Si l’on regarde assez loin en arrière, les mathématiques n’étaient simplement pas largement étudiées. Quand avait-on donc commencé? Il est difficile à dire – il est probable que la plupart des textes de mathématiques des temps babyloniens sont perdus pour toujours. Cependant, nous savons qu’ils avaient une compréhension de la trigonométrie et de l’algèbre et qu’ils les appliquaient à l’astronomie. Selon les informations que j’ai trouvées, il n’y a pas d’évidence qu’ils avaient tort (comme culture) sur des applications mathématiques.

Et puis arrivait Pythagore (attention à la sursimplification populaire), vers 500 AEC, et soudainement nous avons la théorie des nombres et la géométrie.

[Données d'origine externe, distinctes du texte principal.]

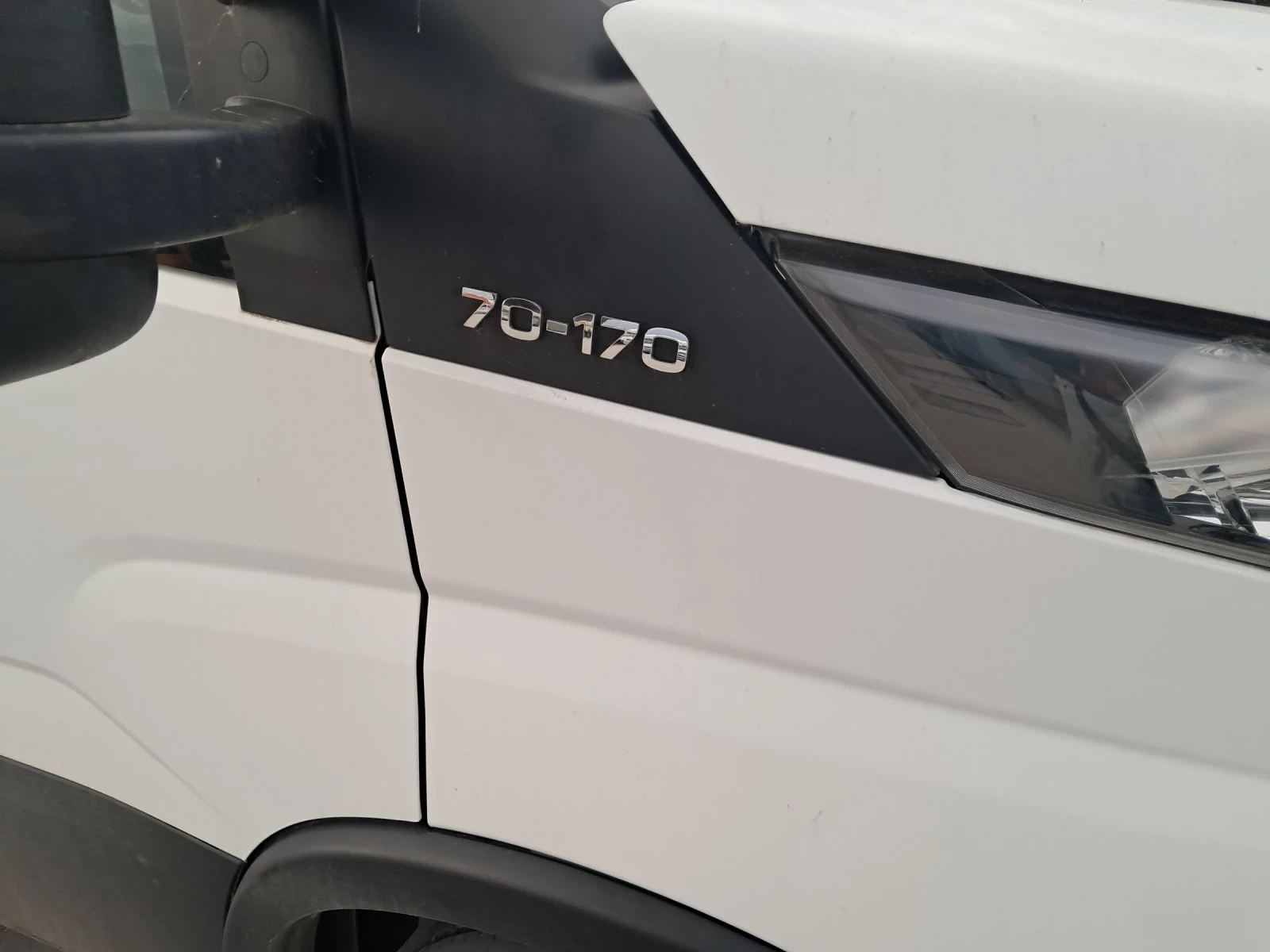 Iveco Daily 70C 170 - изображение 8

Bon, il n’était pas aussi simple que ça : mais il y a peu d’évidence que la touche de mysticisme que les fidèles à Pythagore ajouraient à leurs mathématiques faisait du mal. L’identification des nombres impairs comme ‘masculins’ et des nombres pairs comme ‘féminins’ semble improductive et futile, mais il ne semble pas avoir un impact sur leurs mathématiques. Euclid, qui travaillait vers 300 AEC, manquait parfois de rigueur, mais si l’on interprète ses résultats avec un peu de charité, ce sont presque infailliblement juste.

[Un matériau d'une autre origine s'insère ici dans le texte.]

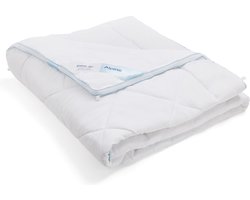 Alpine Plus 3D Air Dekbed 240x220 cm - 4 Seizoenen Dekbed - Zomerdekbed & Winterdekbed - Microvezel Tijk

Alors, est-ce que les choses n’ont jamais déraillé pour les mathématiques? L’on pourrait penser aux ‘problèmes de l’antiquité’ – la trisection de l’angle, la duplication du cube, et la quadrature du cercle. Ceux-ci étaient une fois considérés comme respectables, mais difficiles, beaucoup comme nous en considérons la conjecture Riemann ou le problème ‘P = NP’. Au fil des ans, il y avait de la suspicion sur l’impossibilité de ces problèmes et l’on croyait que ceux qui essayaient de les résoudre gaspillaient leur temps. En 1837, Wantzel a prouvé que ceci était en fait le cas. Il va de soi que cela n’a pas arrêté les trisecteurs ! Une bonne analogie dans les sciences naturelles pourrait être le rêve de construire une machine de motion perpétuelle, qui avait une évolution similaire d’idée plausible à excentrique, puis à une ‘science de marge’ abordée seulement pas ceux qui ne comprenaient pas pourquoi il n’était pas possible. Il convient de noter que ni la motion perpétuelle ni les ‘problèmes de l’antiquité’ n’ont jamais dominé les recherches de leurs communautés respectives.

Certes, le principe n’est pas que les premiers mathématiciens étaient plus fiables que leurs contreparties en autres sujets. En revanche, ils avaient (et nous avons) de la chance que les mathématiques n’ont qu’à être cohérentes à soi, ce qui est beaucoup plus facile qu’être cohérent à la réalité.